▶ Problem to work on
The required answer is the run of lines from the one holding "UN OSSERVATORIO SUI" to the end of the data below, copied exactly and free of pictures.

▶ Records to process

--- --- ---

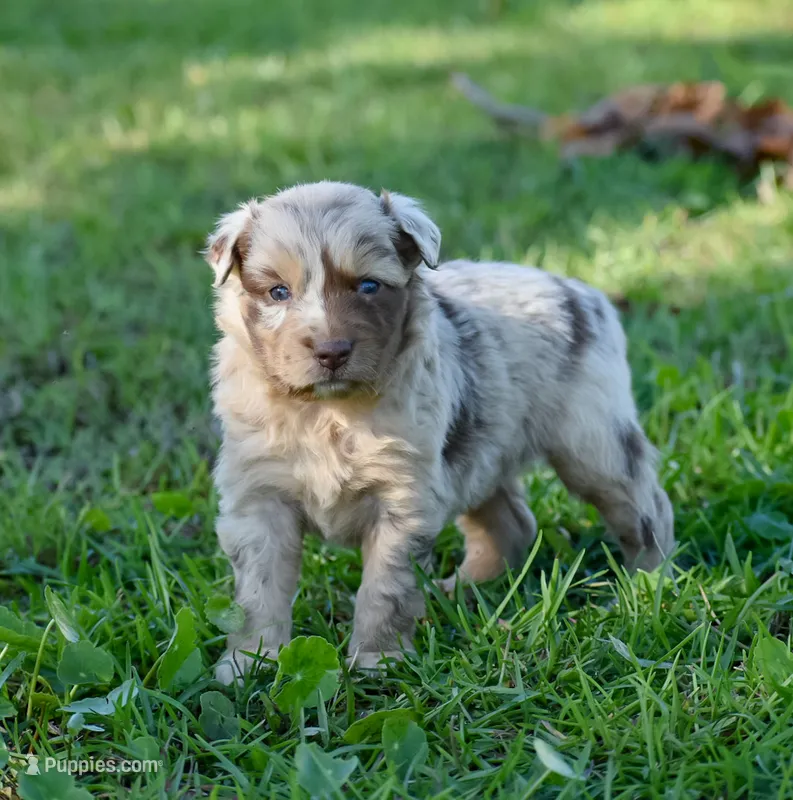 Devi – Australian Shepherd puppy for sale in Pearson, GA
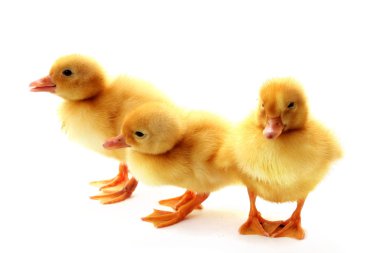 küçük sarı tüylü ducklings izole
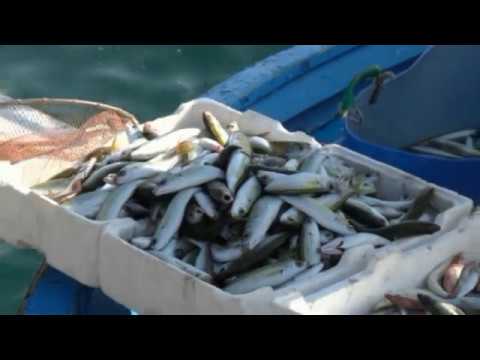 LA PROPOSTA: “SULL’ISOLA UN OSSERVATORIO SUI PREZZI PER EVITARE SPECULAZIONI”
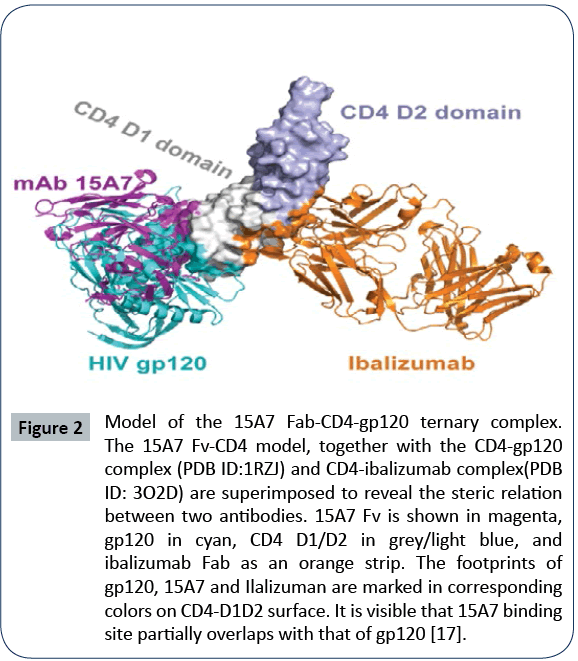 hiv-ternary-complex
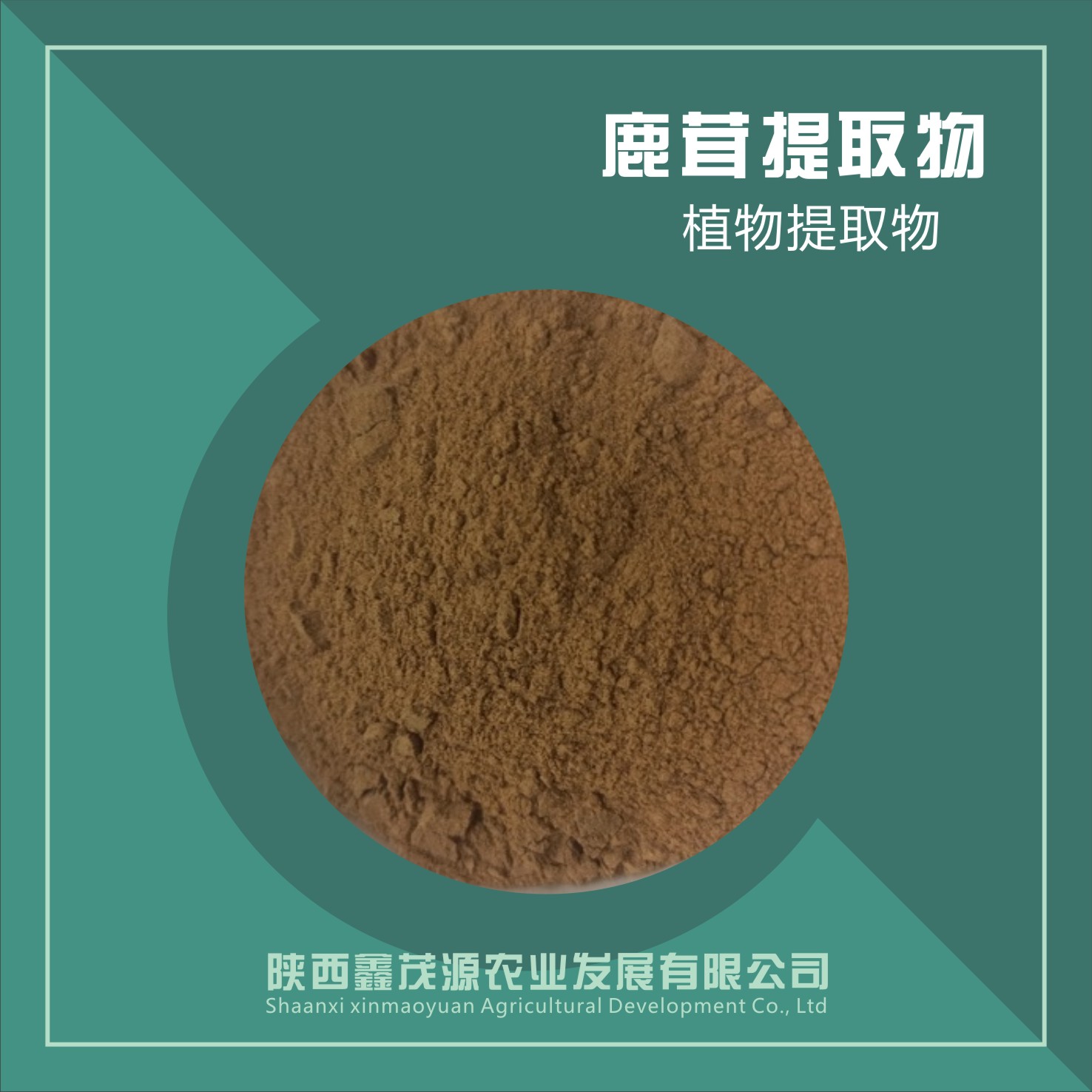 鹿茸提取物,Antler extract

--- --- ---

▶ Your solution
 LA PROPOSTA: “SULL’ISOLA UN OSSERVATORIO SUI PREZZI PER EVITARE SPECULAZIONI”
 hiv-ternary-complex
 鹿茸提取物,Antler extract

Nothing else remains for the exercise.